Alternatively, Angus infused cattle are run over a combined 5,900 ha (exc. ‘Prospect Park’), which equates to an extra 3.20kg of beef / ha / year.  Andrew Crowther sums this up when he states,

 “We aim to produce as much kilos of quality eating young beef as we can when we load cattle up the loading ramp”.  

 Value add: 

The feedlot is used to value add with great effect and highlights the ability of Angus genetics to contribute to a readily saleable article. A draft of Angus infused #9 steers recently backgrounded on oats was inducted into the feedlot on the 4th September at ~410kg liveweight. These could have been marketed at today’s store prices of average $1,150/head.  
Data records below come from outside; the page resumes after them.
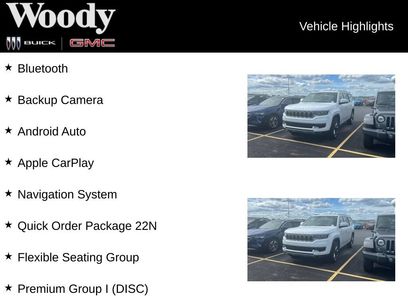 Used 2022 Jeep Wagoneer Series III w/ Premium Group I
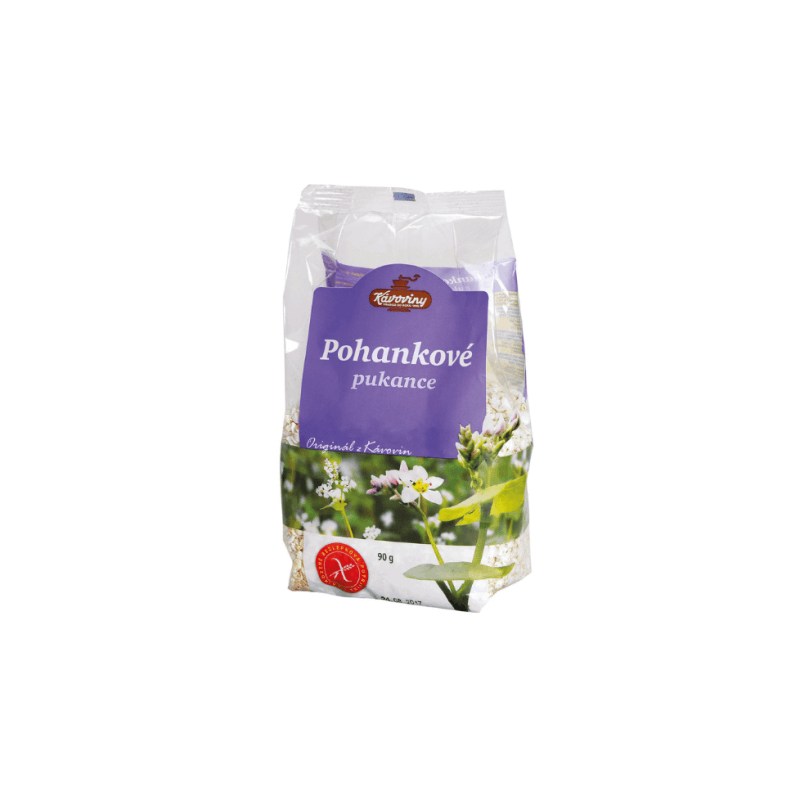 Pohánkové pukance 90 g Pohánkové pukance 90 g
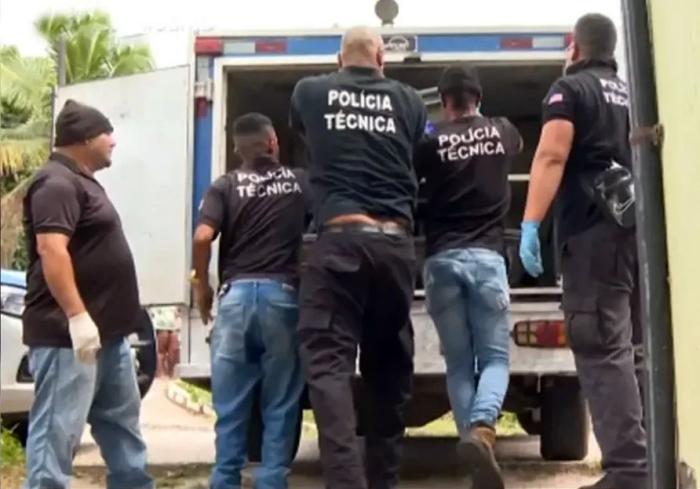  Jovem é preso em flagrante após matar mãe a facadas para sacar dinheiro em Salvador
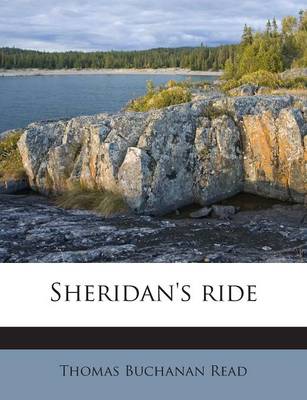 Book cover for Sheridan's Ride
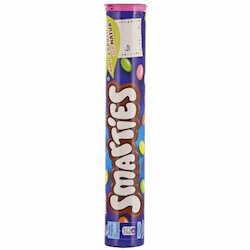 Smarties Tube géant avec friandises au chocolat 130g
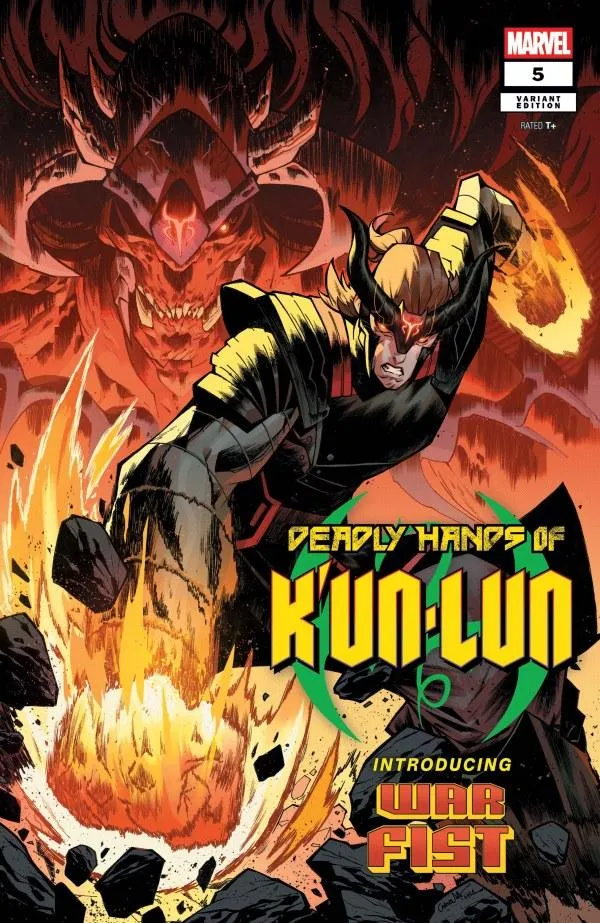Cover of Deadly Hands of K'un-Lun #5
However, 100 days on feed would likely look to return ~$2,000/head, less an approximate cost of $500/head for feed. Therefore, the return on the extra time and money spent on feeding Angus infused steers is well justified. As Sam states, 

“Angus and Angus infused cattle help provide a saleable finished article at any stage of its life”.  

Consistency of article: 

Sam attributes the Angus breed with consistency of progeny, even in a crossbreeding program. Factors such as rib and P8 fat, marbling, muscularity and producing an overall even line of calves has translated into a more marketable item. In particular, the Angus bulls in Sam’s view “squares them up” in relation to the Angus x Santa progeny, which before using Angus bulls, progeny would be all growth and were often not as easy finishing.  

Survivability: 

Finally, the Crowther family is adamant that the Angus inject ‘survivability’ into the herd. Sam has observed many times, that when tailing out, the black weaners constantly have their

 heads down grazing as if it was like their last feed”unlike the non-Angus infused weaners. This behaviour carries through the entire lives of the cattle, with the Angus x females being good foragers, subsequently raising strong, healthy calves. As Sam states, “Survival is in their DNA” when referencing the Angus breed.  

Bull Selection: 

Crucial to maintaining a fertile herd and meeting target weights and market specifications is their investment in genetics. Selecting bulls that have good confirmation, structurally correct so the bull can stride out to cover the distances, strong constitution as well as sound EBVs including 600-day weight greater than +100 and above average EMA (Eye Muscle Areas) EBVs are all non-negotiable factors. This is irrespective of whether the family purchases Santa bulls or Angus bulls.  

However, the Crowther family also pay particular note of low birthweight EBV bulls. Indeed, the continual selection of low birthweight bulls and retained female progeny with those low birthweight genetics has meant that calving difficulty has been largely eliminated. Operating in extensive areas and with large numbers of cattle, it is impractical to continually monitor selected replacement heifers for any signs of calving difficulty. Therefore, bulls with low birthweight EBVs are sought out when attending Angus bull sales, particularly when joining maiden heifers.